● **RECORDED DATA**
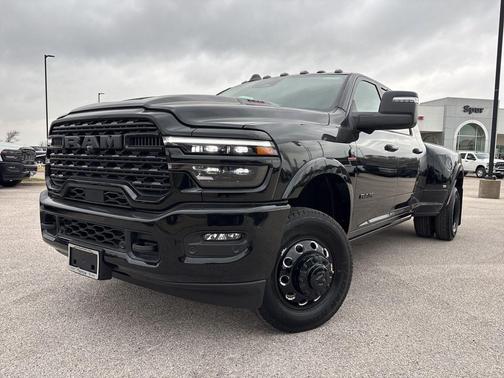 2026 RAM 3500 Limited Mega Cab 4x4 6'4' Box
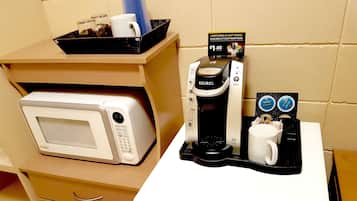 Oceanfront Room with Private Balcony 2 Double Main Floor | Coffee and/or coffee maker
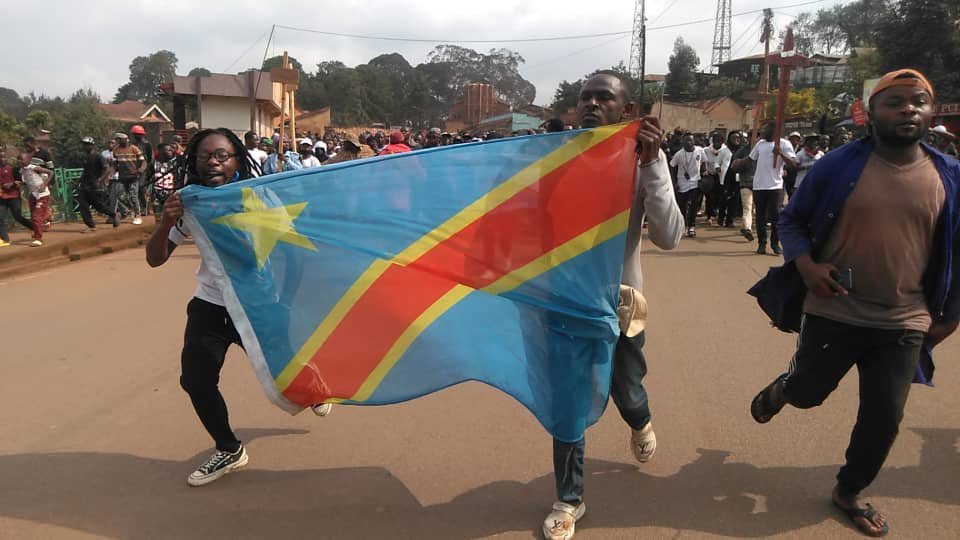 Une grosse mobilisation menée par les organisations des jeunes y compris <a href="/luchaRDC/">LUCHA 🇨🇩</a> contre l’agression rwando-ougandaise est en cours à Butembo au Nord-Kivu. 
La lutte non-violente contre les envahisseurs continue et ne sera jamais ébranlée.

● **TASK**
Exactly as they appear above, print all the lines, but not the pictures.

● **RESULT OF THIS TASK**
 2026 RAM 3500 Limited Mega Cab 4x4 6'4' Box
 Oceanfront Room with Private Balcony 2 Double Main Floor | Coffee and/or coffee maker
 Une grosse mobilisation menée par les organisations des jeunes y compris <a href="/luchaRDC/">LUCHA 🇨🇩</a> contre l’agression rwando-ougandaise est en cours à Butembo au Nord-Kivu. 
La lutte non-violente contre les envahisseurs continue et ne sera jamais ébranlée.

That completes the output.